Alan Rusbridger —a lean, fragile-looking man with a slender face and the hands of a pianist— has withstood some of the most extreme pressure ever exerted on a European journalist by the powers-that-be. While he stood at the helm of The Guardian (from 1995 to 2015), the newspaper published the revelations of Julian Assange and Edward Snowden and it exposed the criminal activities in which the Murdoch empire engaged through The News of the World, the newspaper that tapped the phones of hundreds of public figures and ordinary members of the public. As part of ARA’s ninth anniversary, an unsurprisingly softly-spoken Alan Rusbridger voiced his views on the future of journalism in these times of sheer information chaos.
The main tenet of his presentation —chaired by Esther Vera, ARA’s editor-in-chief— is that a news outlet will be viable from a business standpoint so long as it manages to have a clear mission and to provide an unquestionable social benefit. He drew a comparison between newspapers and lighthouses: they are not much as businesses go, but nobody wants to live in a world where you are forced to navigate in the dark.
Rusbridger explained that “there can be no justice —or education and government— without a shared view of facts” and he warned of the dangers of living in a world like today’s where a growing number of people (about two out of three) admit to struggling to sort the chaff from the wheat when in comes to news; in other words, telling the difference between sound reporting that is anchored in reality and fake or fabricated stories. “That’s why the strategy of the most powerful man in the world” —he said, referring to Donald Trump— “is about putting down news media and accusing them of lying” while his own public interventions are full of lies: about 12,000 according to The Washington Post’s count.

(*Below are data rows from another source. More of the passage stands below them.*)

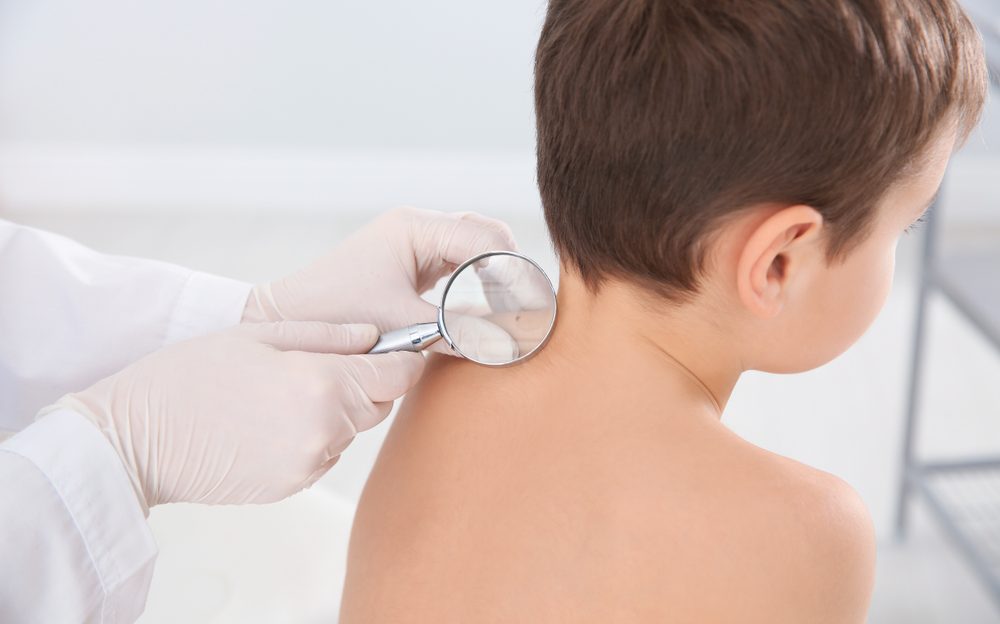 Does Your Child Need a Pediatric Dermatology Appointment Near Prince Frederick, Maryland?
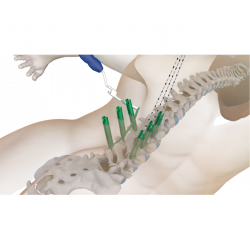 MIS-gerinc implantátumok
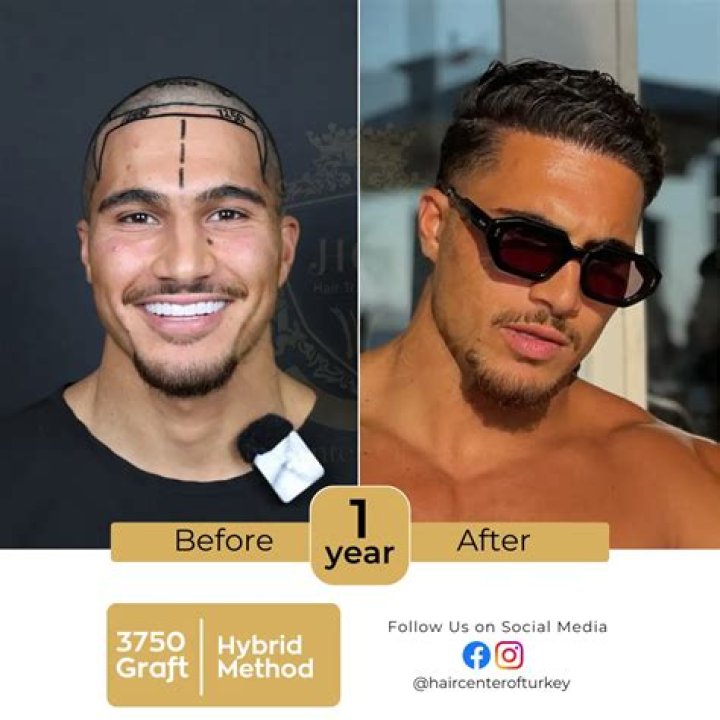 How Effective Are Turkish Hair Transplants? – Hollywood Life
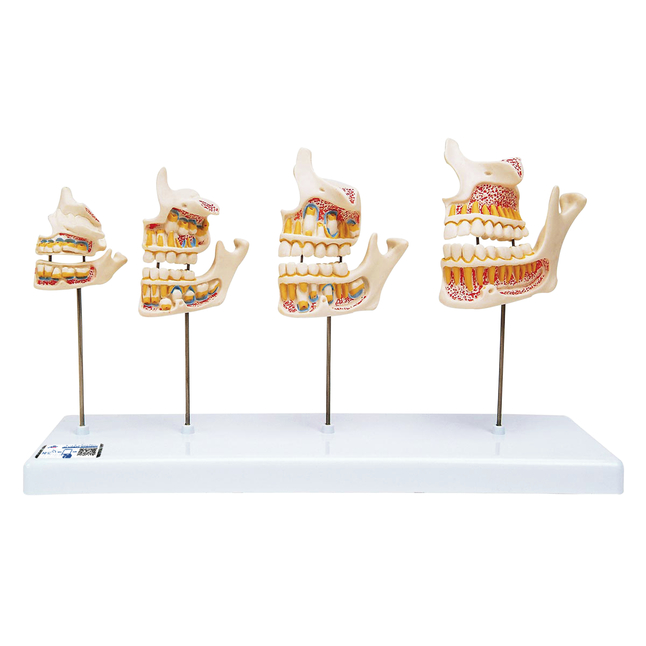 Image for 3B Scientific Dentition Development from School Specialty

In a hall filled with subscribers, advertisers and media students from URL’s Facultat Blanquerna, Rusbridger insisted that the journalists in the room engage in self-criticism. While the press tends to point fingers at the internet and social media, which it sees as the root of all evil, Alan Rusbridger encouraged his audience to consider whether readers are better served by news outlets than by the internet. “We say Facebook is terrible and Twitter is filled with lies and hatred, And so they are. But why do they keep growing? What part of it are they getting right? And why does the press move in the opposite direction?”. His questions weren’t entirely rhetorical. “The trouble is that we use a single word —journalism— to refer to rather different things”. Minutes earlier he had shown several front pages from tabloid newspapers which he regarded as clearly harmful from a social point of view. The key to reversing this, therefore, is credibility. At present only 36 per cent of respondents in Spain claim to find news outlets credible. “The best thing about the internet is that it can manage many different ways from which trust can be built”. That is, in a world that is transitioning from verticality to horizontality —at least that’s what the most optimistic version of the analysis seems to indicate— there is much that media can learn from the internet’s adaptability and the capacity for interaction with all the network’s nodes.
The information gap
One of Rusbridger’s concerns is access to (good) information and the emerging gap between those who can and cannot afford it. He quoted Dean Baquet, the incumbent editor-in-chief of the NYT, when he said that he worries about the 98 per cent of Americans who do not read his newspaper. The Guardian’s model is out of step with that of most quality broadsheets because its content is made available free of charge as part of the public service it aims to provide (it is ultimately backed by a foundation). According to Rusbridger’s data, there is a growing gap between how much educated readers trust their preferred news outlets versus the general public.
The amalgam of information and opinion that many media churn out doesn’t help. As an example, he cited Brexit and the disinformation that was spread during the referendum campaign. “As a reader, I would ask to be given the information first, without pretending that a complex issue is actually simple. Secondly, I’d have the arguments from both sides and only then would I ask for the medium’s opinion. If we have to miss out on anything, let that be it: I will form my own opinion, provided I’ve been given the arguments”.
So the newspaper is seen as a cause. “Our idea was not to ask you to pay [for our content] so that others may not read it, but the other way round: to use your money so that others may get to read our paper, too”. The journalist acknowledged that this is easier when you have access to a global market. Rusbridger recalled how, on a number of occasions, The Guardian beat the NYT as the most widely read English language newspaper. One third of its readers are based in North America and another third in the rest of the world. However, readers on both sides of the Atlantic agree on one thing: the quality of The Guardian’s factual reporting. And the clarity that emanates from Rusbridger’s lighthouse.